▸ **PROBLEM TO WORK ON**: Every line below should be duplicated exactly.

▸ **SUPPLIED ENTRIES**:

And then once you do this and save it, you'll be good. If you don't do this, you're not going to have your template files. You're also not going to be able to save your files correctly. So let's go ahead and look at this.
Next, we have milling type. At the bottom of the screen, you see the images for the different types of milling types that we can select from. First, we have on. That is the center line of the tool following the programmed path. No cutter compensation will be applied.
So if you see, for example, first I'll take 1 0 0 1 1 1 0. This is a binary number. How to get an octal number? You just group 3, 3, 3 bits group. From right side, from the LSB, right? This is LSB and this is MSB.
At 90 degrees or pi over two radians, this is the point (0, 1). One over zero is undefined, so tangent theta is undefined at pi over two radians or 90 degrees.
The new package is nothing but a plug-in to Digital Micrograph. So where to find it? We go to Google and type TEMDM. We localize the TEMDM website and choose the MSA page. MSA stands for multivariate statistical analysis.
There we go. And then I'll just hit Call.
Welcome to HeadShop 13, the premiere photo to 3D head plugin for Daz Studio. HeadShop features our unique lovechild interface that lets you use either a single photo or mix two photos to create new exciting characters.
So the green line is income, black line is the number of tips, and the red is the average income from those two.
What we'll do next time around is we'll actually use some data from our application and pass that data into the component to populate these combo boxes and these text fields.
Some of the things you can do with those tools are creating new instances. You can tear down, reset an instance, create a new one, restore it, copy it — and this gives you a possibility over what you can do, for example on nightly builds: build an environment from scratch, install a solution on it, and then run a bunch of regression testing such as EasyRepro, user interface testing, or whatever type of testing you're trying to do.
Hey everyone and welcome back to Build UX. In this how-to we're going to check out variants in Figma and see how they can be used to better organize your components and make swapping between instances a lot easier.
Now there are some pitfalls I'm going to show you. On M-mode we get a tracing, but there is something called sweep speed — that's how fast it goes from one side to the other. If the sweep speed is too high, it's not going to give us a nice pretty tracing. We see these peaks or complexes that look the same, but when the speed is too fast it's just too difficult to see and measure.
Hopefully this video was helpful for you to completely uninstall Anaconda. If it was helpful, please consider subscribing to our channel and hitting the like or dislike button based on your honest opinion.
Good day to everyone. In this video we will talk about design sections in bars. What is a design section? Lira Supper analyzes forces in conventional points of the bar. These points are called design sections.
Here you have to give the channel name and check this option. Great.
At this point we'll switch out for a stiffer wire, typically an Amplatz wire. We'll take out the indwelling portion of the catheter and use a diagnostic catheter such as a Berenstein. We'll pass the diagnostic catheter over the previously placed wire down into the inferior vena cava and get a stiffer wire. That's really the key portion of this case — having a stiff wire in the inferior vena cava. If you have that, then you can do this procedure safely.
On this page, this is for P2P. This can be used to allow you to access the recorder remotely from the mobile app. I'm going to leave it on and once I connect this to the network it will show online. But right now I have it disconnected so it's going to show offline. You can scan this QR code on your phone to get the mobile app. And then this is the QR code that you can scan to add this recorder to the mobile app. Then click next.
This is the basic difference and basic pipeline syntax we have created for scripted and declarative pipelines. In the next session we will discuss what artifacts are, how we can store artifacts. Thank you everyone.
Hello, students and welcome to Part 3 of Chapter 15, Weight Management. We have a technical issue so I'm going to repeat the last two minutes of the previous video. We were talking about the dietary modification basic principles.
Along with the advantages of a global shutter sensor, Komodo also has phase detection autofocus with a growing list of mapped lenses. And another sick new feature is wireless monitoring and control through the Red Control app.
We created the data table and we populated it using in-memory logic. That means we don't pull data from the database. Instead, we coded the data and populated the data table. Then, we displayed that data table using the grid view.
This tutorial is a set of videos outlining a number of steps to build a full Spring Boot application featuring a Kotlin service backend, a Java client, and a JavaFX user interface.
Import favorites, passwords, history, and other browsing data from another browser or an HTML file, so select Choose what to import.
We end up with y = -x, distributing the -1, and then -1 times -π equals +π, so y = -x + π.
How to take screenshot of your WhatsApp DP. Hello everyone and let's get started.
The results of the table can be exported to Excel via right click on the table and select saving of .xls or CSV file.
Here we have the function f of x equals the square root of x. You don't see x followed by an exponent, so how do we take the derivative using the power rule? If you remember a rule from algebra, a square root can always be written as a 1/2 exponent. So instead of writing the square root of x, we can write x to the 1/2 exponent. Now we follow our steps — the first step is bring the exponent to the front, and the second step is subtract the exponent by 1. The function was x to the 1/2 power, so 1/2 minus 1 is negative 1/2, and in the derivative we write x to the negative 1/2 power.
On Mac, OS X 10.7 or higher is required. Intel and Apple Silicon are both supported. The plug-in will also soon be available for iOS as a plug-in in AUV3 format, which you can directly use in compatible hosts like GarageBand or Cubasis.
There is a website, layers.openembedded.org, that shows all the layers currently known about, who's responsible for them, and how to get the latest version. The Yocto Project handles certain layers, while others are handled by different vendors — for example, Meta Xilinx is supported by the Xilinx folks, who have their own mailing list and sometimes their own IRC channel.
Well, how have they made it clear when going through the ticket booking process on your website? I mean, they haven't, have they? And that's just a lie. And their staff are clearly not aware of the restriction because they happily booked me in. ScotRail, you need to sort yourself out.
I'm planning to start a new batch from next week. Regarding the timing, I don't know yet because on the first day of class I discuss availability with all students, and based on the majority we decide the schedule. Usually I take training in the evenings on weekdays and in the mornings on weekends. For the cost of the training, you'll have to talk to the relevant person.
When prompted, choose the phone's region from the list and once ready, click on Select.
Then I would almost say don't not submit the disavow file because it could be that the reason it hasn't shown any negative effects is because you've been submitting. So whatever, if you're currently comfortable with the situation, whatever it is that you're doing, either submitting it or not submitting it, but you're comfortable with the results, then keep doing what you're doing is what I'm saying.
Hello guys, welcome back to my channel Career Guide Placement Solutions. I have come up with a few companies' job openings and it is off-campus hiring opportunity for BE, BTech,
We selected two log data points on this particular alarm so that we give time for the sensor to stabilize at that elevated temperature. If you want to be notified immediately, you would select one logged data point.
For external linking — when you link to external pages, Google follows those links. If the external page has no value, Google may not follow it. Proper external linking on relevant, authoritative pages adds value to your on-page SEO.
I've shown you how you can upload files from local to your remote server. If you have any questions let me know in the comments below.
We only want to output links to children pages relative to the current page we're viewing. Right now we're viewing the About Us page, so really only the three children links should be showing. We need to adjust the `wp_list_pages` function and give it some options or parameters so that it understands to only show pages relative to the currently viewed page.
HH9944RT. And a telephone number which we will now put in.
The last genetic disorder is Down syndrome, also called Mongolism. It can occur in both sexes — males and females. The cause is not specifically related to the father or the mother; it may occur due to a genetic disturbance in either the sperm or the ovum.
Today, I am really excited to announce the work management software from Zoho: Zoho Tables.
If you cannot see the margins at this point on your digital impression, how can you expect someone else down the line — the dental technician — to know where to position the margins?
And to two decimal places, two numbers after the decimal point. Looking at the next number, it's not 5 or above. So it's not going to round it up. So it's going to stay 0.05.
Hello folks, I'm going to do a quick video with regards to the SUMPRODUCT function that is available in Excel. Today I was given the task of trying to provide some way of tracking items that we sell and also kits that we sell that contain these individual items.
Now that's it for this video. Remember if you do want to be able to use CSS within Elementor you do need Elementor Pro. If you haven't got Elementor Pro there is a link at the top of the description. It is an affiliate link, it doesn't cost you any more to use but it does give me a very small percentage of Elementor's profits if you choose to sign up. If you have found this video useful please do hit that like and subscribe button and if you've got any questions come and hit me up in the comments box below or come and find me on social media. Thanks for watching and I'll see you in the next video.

▸ **WRITTEN ANSWER**:
And then once you do this and save it, you'll be good. If you don't do this, you're not going to have your template files. You're also not going to be able to save your files correctly. So let's go ahead and look at this.
Next, we have milling type. At the bottom of the screen, you see the images for the different types of milling types that we can select from. First, we have on. That is the center line of the tool following the programmed path. No cutter compensation will be applied.
So if you see, for example, first I'll take 1 0 0 1 1 1 0. This is a binary number. How to get an octal number? You just group 3, 3, 3 bits group. From right side, from the LSB, right? This is LSB and this is MSB.
At 90 degrees or pi over two radians, this is the point (0, 1). One over zero is undefined, so tangent theta is undefined at pi over two radians or 90 degrees.
The new package is nothing but a plug-in to Digital Micrograph. So where to find it? We go to Google and type TEMDM. We localize the TEMDM website and choose the MSA page. MSA stands for multivariate statistical analysis.
There we go. And then I'll just hit Call.
Welcome to HeadShop 13, the premiere photo to 3D head plugin for Daz Studio. HeadShop features our unique lovechild interface that lets you use either a single photo or mix two photos to create new exciting characters.
So the green line is income, black line is the number of tips, and the red is the average income from those two.
What we'll do next time around is we'll actually use some data from our application and pass that data into the component to populate these combo boxes and these text fields.
Some of the things you can do with those tools are creating new instances. You can tear down, reset an instance, create a new one, restore it, copy it — and this gives you a possibility over what you can do, for example on nightly builds: build an environment from scratch, install a solution on it, and then run a bunch of regression testing such as EasyRepro, user interface testing, or whatever type of testing you're trying to do.
Hey everyone and welcome back to Build UX. In this how-to we're going to check out variants in Figma and see how they can be used to better organize your components and make swapping between instances a lot easier.
Now there are some pitfalls I'm going to show you. On M-mode we get a tracing, but there is something called sweep speed — that's how fast it goes from one side to the other. If the sweep speed is too high, it's not going to give us a nice pretty tracing. We see these peaks or complexes that look the same, but when the speed is too fast it's just too difficult to see and measure.
Hopefully this video was helpful for you to completely uninstall Anaconda. If it was helpful, please consider subscribing to our channel and hitting the like or dislike button based on your honest opinion.
Good day to everyone. In this video we will talk about design sections in bars. What is a design section? Lira Supper analyzes forces in conventional points of the bar. These points are called design sections.
Here you have to give the channel name and check this option. Great.
At this point we'll switch out for a stiffer wire, typically an Amplatz wire. We'll take out the indwelling portion of the catheter and use a diagnostic catheter such as a Berenstein. We'll pass the diagnostic catheter over the previously placed wire down into the inferior vena cava and get a stiffer wire. That's really the key portion of this case — having a stiff wire in the inferior vena cava. If you have that, then you can do this procedure safely.
On this page, this is for P2P. This can be used to allow you to access the recorder remotely from the mobile app. I'm going to leave it on and once I connect this to the network it will show online. But right now I have it disconnected so it's going to show offline. You can scan this QR code on your phone to get the mobile app. And then this is the QR code that you can scan to add this recorder to the mobile app. Then click next.
This is the basic difference and basic pipeline syntax we have created for scripted and declarative pipelines. In the next session we will discuss what artifacts are, how we can store artifacts. Thank you everyone.
Hello, students and welcome to Part 3 of Chapter 15, Weight Management. We have a technical issue so I'm going to repeat the last two minutes of the previous video. We were talking about the dietary modification basic principles.
Along with the advantages of a global shutter sensor, Komodo also has phase detection autofocus with a growing list of mapped lenses. And another sick new feature is wireless monitoring and control through the Red Control app.
We created the data table and we populated it using in-memory logic. That means we don't pull data from the database. Instead, we coded the data and populated the data table. Then, we displayed that data table using the grid view.
This tutorial is a set of videos outlining a number of steps to build a full Spring Boot application featuring a Kotlin service backend, a Java client, and a JavaFX user interface.
Import favorites, passwords, history, and other browsing data from another browser or an HTML file, so select Choose what to import.
We end up with y = -x, distributing the -1, and then -1 times -π equals +π, so y = -x + π.
How to take screenshot of your WhatsApp DP. Hello everyone and let's get started.
The results of the table can be exported to Excel via right click on the table and select saving of .xls or CSV file.
Here we have the function f of x equals the square root of x. You don't see x followed by an exponent, so how do we take the derivative using the power rule? If you remember a rule from algebra, a square root can always be written as a 1/2 exponent. So instead of writing the square root of x, we can write x to the 1/2 exponent. Now we follow our steps — the first step is bring the exponent to the front, and the second step is subtract the exponent by 1. The function was x to the 1/2 power, so 1/2 minus 1 is negative 1/2, and in the derivative we write x to the negative 1/2 power.
On Mac, OS X 10.7 or higher is required. Intel and Apple Silicon are both supported. The plug-in will also soon be available for iOS as a plug-in in AUV3 format, which you can directly use in compatible hosts like GarageBand or Cubasis.
There is a website, layers.openembedded.org, that shows all the layers currently known about, who's responsible for them, and how to get the latest version. The Yocto Project handles certain layers, while others are handled by different vendors — for example, Meta Xilinx is supported by the Xilinx folks, who have their own mailing list and sometimes their own IRC channel.
Well, how have they made it clear when going through the ticket booking process on your website? I mean, they haven't, have they? And that's just a lie. And their staff are clearly not aware of the restriction because they happily booked me in. ScotRail, you need to sort yourself out.
I'm planning to start a new batch from next week. Regarding the timing, I don't know yet because on the first day of class I discuss availability with all students, and based on the majority we decide the schedule. Usually I take training in the evenings on weekdays and in the mornings on weekends. For the cost of the training, you'll have to talk to the relevant person.
When prompted, choose the phone's region from the list and once ready, click on Select.
Then I would almost say don't not submit the disavow file because it could be that the reason it hasn't shown any negative effects is because you've been submitting. So whatever, if you're currently comfortable with the situation, whatever it is that you're doing, either submitting it or not submitting it, but you're comfortable with the results, then keep doing what you're doing is what I'm saying.
Hello guys, welcome back to my channel Career Guide Placement Solutions. I have come up with a few companies' job openings and it is off-campus hiring opportunity for BE, BTech,
We selected two log data points on this particular alarm so that we give time for the sensor to stabilize at that elevated temperature. If you want to be notified immediately, you would select one logged data point.
For external linking — when you link to external pages, Google follows those links. If the external page has no value, Google may not follow it. Proper external linking on relevant, authoritative pages adds value to your on-page SEO.
I've shown you how you can upload files from local to your remote server. If you have any questions let me know in the comments below.
We only want to output links to children pages relative to the current page we're viewing. Right now we're viewing the About Us page, so really only the three children links should be showing. We need to adjust the `wp_list_pages` function and give it some options or parameters so that it understands to only show pages relative to the currently viewed page.
HH9944RT. And a telephone number which we will now put in.
The last genetic disorder is Down syndrome, also called Mongolism. It can occur in both sexes — males and females. The cause is not specifically related to the father or the mother; it may occur due to a genetic disturbance in either the sperm or the ovum.
Today, I am really excited to announce the work management software from Zoho: Zoho Tables.
If you cannot see the margins at this point on your digital impression, how can you expect someone else down the line — the dental technician — to know where to position the margins?
And to two decimal places, two numbers after the decimal point. Looking at the next number, it's not 5 or above. So it's not going to round it up. So it's going to stay 0.05.
Hello folks, I'm going to do a quick video with regards to the SUMPRODUCT function that is available in Excel. Today I was given the task of trying to provide some way of tracking items that we sell and also kits that we sell that contain these individual items.
Now that's it for this video. Remember if you do want to be able to use CSS within Elementor you do need Elementor Pro. If you haven't got Elementor Pro there is a link at the top of the description. It is an affiliate link, it doesn't cost you any more to use but it does give me a very small percentage of Elementor's profits if you choose to sign up. If you have found this video useful please do hit that like and subscribe button and if you've got any questions come and hit me up in the comments box below or come and find me on social media. Thanks for watching and I'll see you in the next video.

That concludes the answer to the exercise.